**Required work**
With pictures left out, copy exactly every line from the one containing "AllSaints pantaloni DURAN" through the end of the material.

**Provided data**
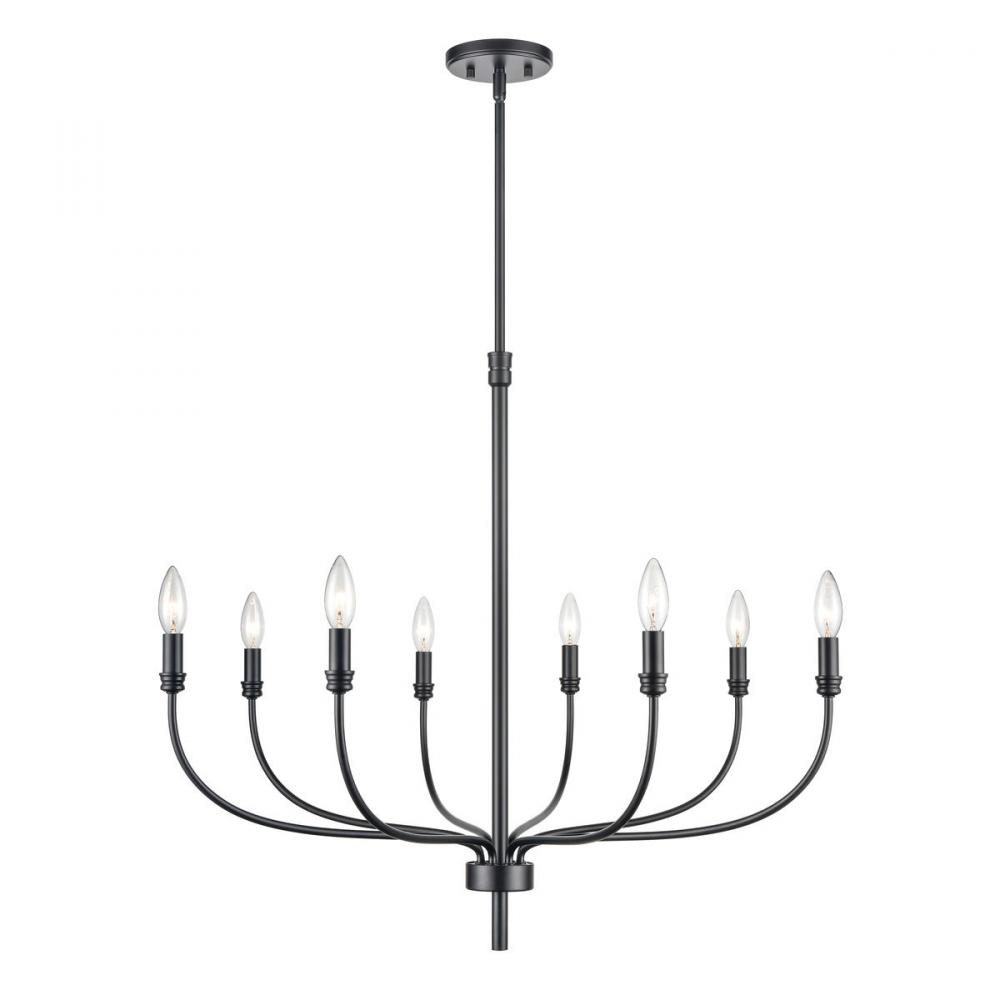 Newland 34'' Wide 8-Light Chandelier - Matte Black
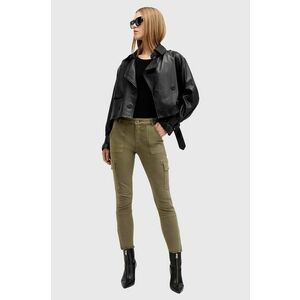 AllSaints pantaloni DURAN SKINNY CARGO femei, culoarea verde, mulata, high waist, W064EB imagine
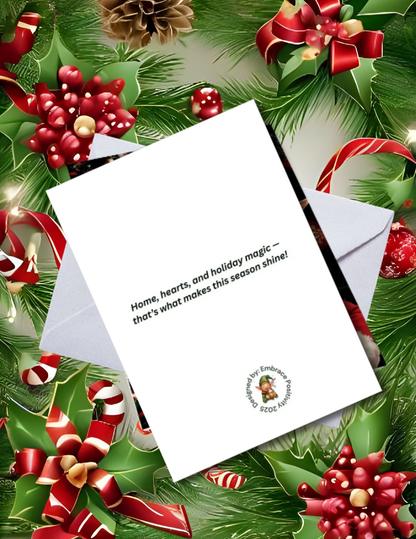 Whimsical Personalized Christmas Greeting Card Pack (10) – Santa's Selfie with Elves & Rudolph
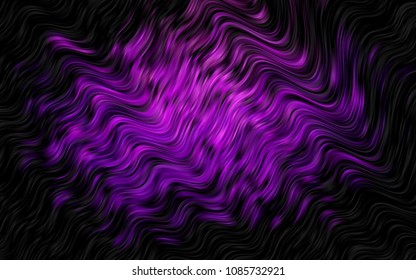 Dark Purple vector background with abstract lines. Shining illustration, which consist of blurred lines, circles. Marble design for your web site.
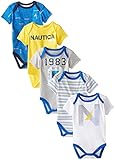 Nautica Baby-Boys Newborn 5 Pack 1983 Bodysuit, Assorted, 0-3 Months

**Answer to this task**
 AllSaints pantaloni DURAN SKINNY CARGO femei, culoarea verde, mulata, high waist, W064EB imagine
 Whimsical Personalized Christmas Greeting Card Pack (10) – Santa's Selfie with Elves & Rudolph
 Dark Purple vector background with abstract lines. Shining illustration, which consist of blurred lines, circles. Marble design for your web site.
 Nautica Baby-Boys Newborn 5 Pack 1983 Bodysuit, Assorted, 0-3 Months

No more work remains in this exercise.